What is required -> Without the pictures, write the listing below out again, line for line.

Information provided ->
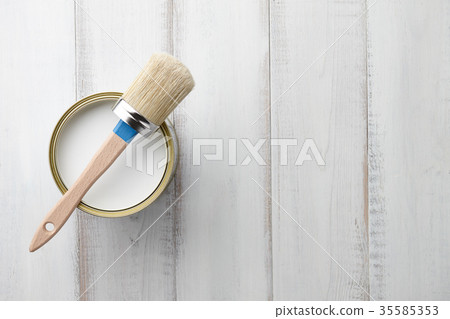 Paint brush and can on white wooden table Paint brush and can on white wooden table 35585353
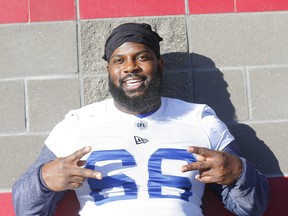 Blue Bombers’ Stanley Bryant is all smiles during their practice in Calgary yesterday. Darren Makowichuk/Postmedia Network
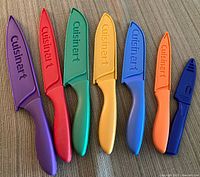 Six Cuisinart colour-coded knives with guards laid out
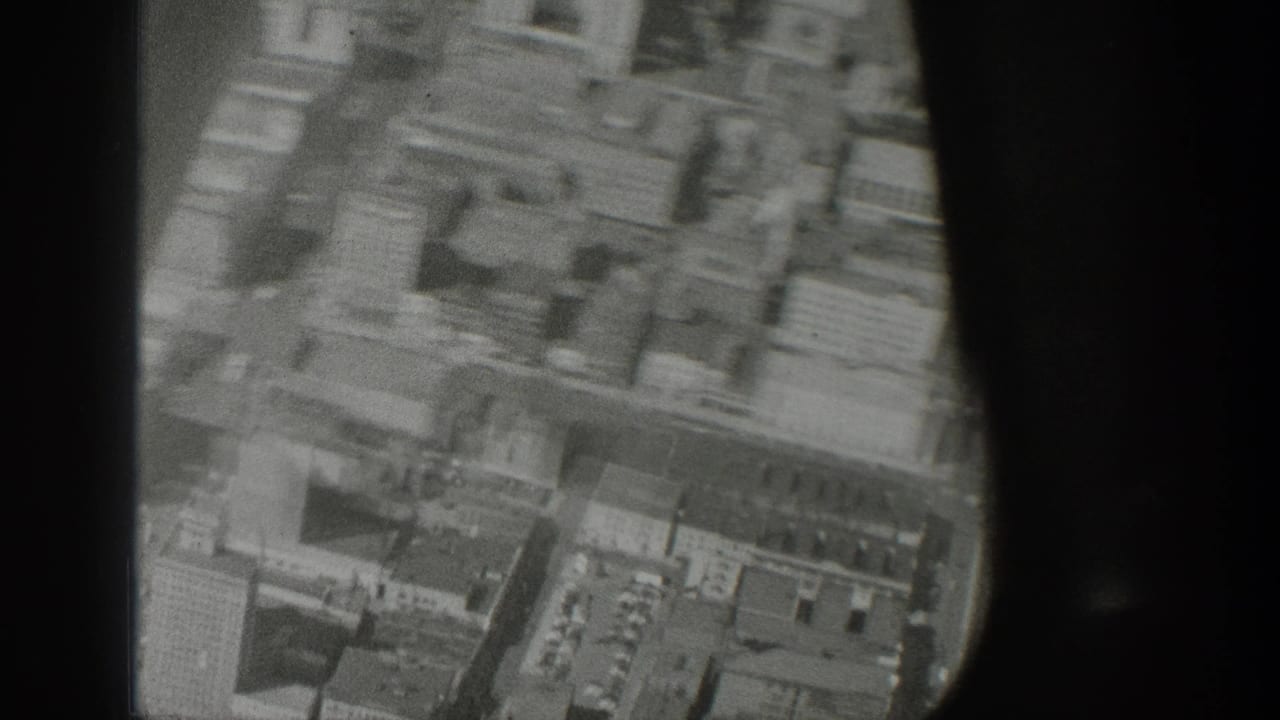 1939 Wyoming home-movie frame showing a soft aerial view of dense city blocks and streets through dark aircraft framing.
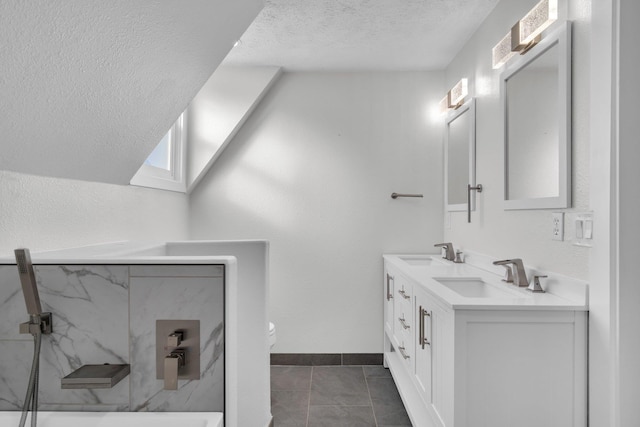 2523 N Nevada St, Spokane, WA 99207 - full bath featuring a textured ceiling, a skylight, a sink, and tile patterned flooring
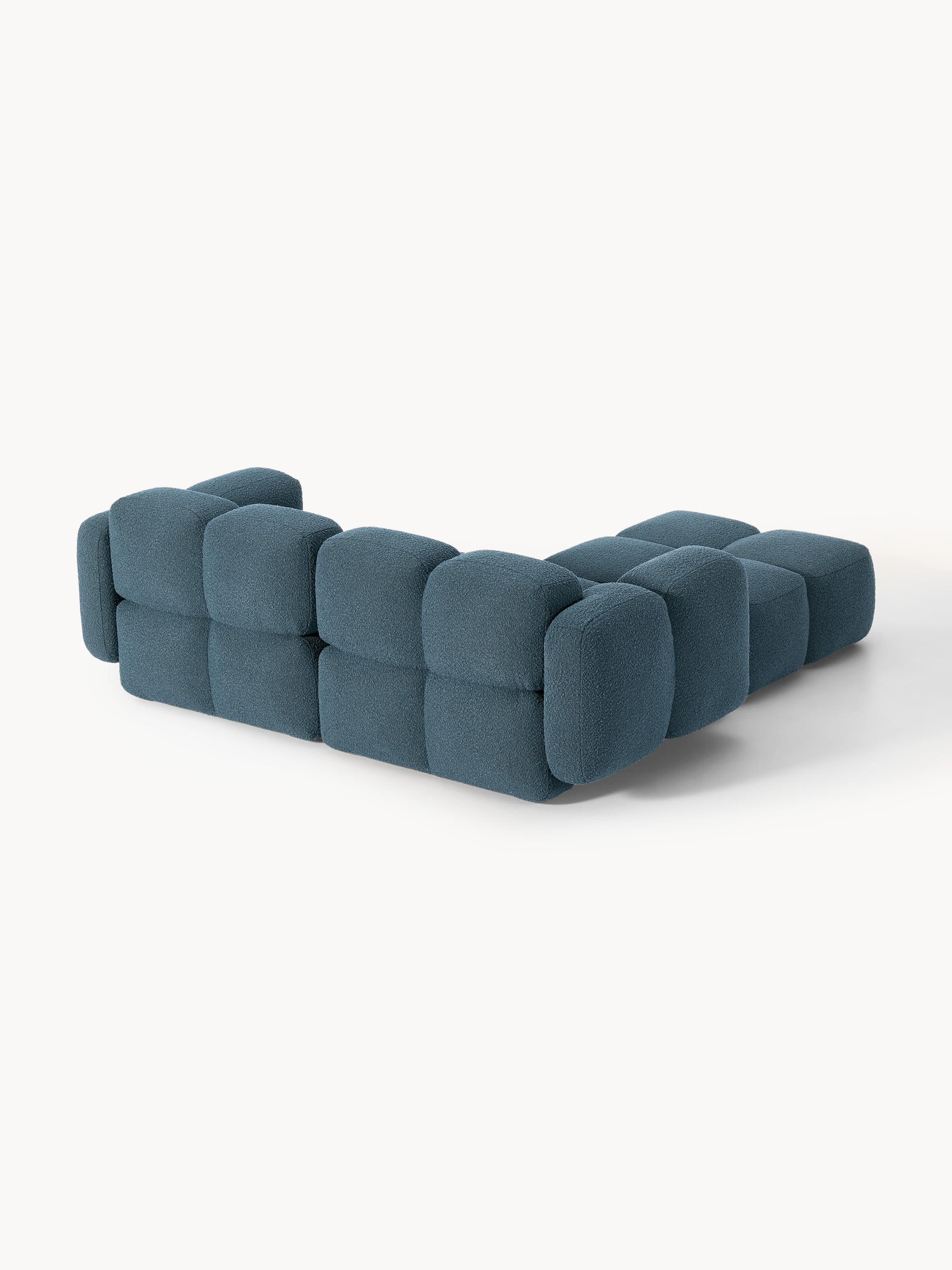 Modulares Sofa Tayla (3-Sitzer) aus Bouclé mit Hocker (links/rechts)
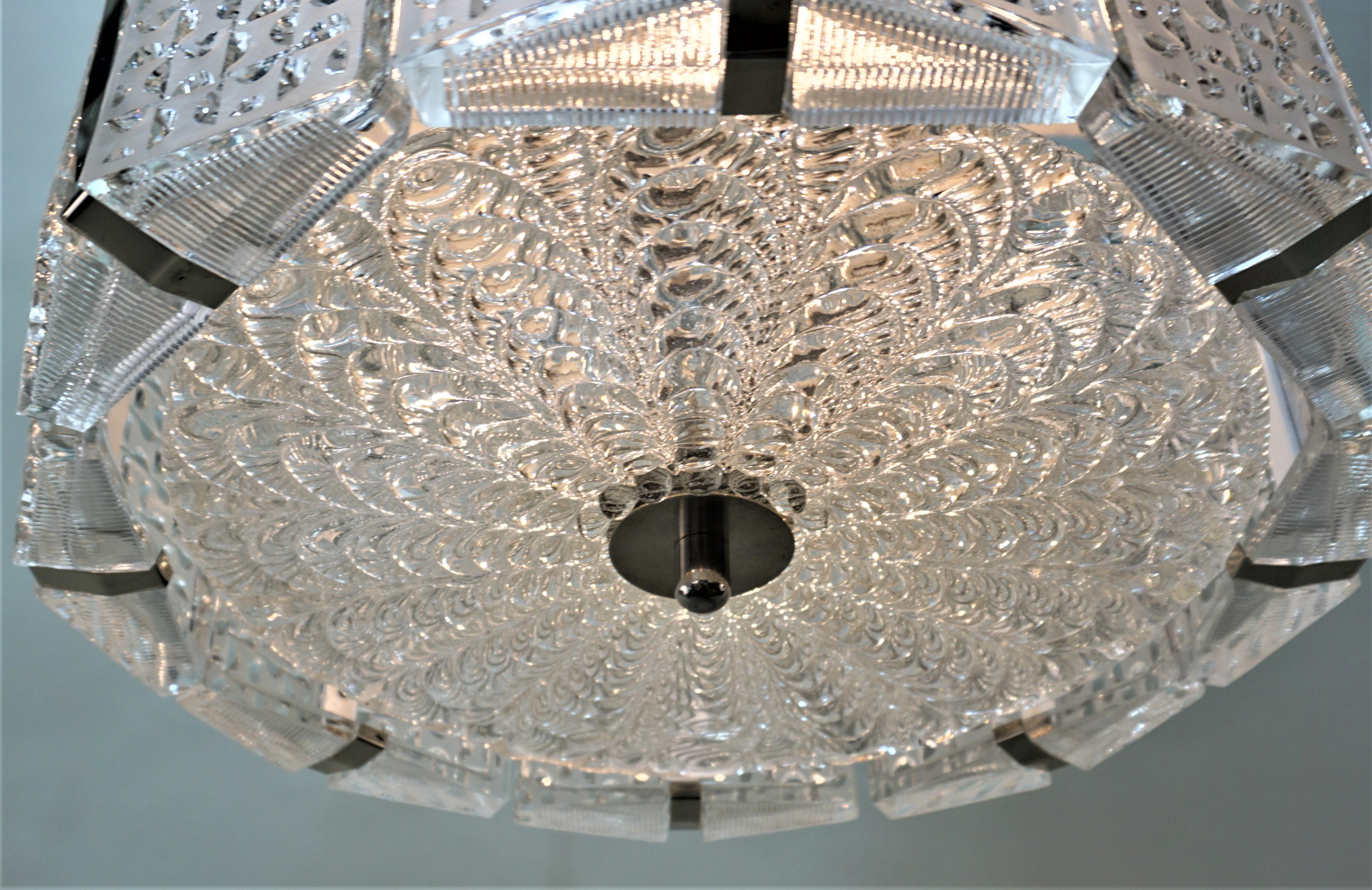 Eight texture clear glass side panels as well as center texture glass with nickel/chrome hardware chandelier.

Exercise response ->
 Paint brush and can on white wooden table Paint brush and can on white wooden table 35585353
 Blue Bombers’ Stanley Bryant is all smiles during their practice in Calgary yesterday. Darren Makowichuk/Postmedia Network
 Six Cuisinart colour-coded knives with guards laid out
 1939 Wyoming home-movie frame showing a soft aerial view of dense city blocks and streets through dark aircraft framing.
 2523 N Nevada St, Spokane, WA 99207 - full bath featuring a textured ceiling, a skylight, a sink, and tile patterned flooring
 Modulares Sofa Tayla (3-Sitzer) aus Bouclé mit Hocker (links/rechts)
 Eight texture clear glass side panels as well as center texture glass with nickel/chrome hardware chandelier.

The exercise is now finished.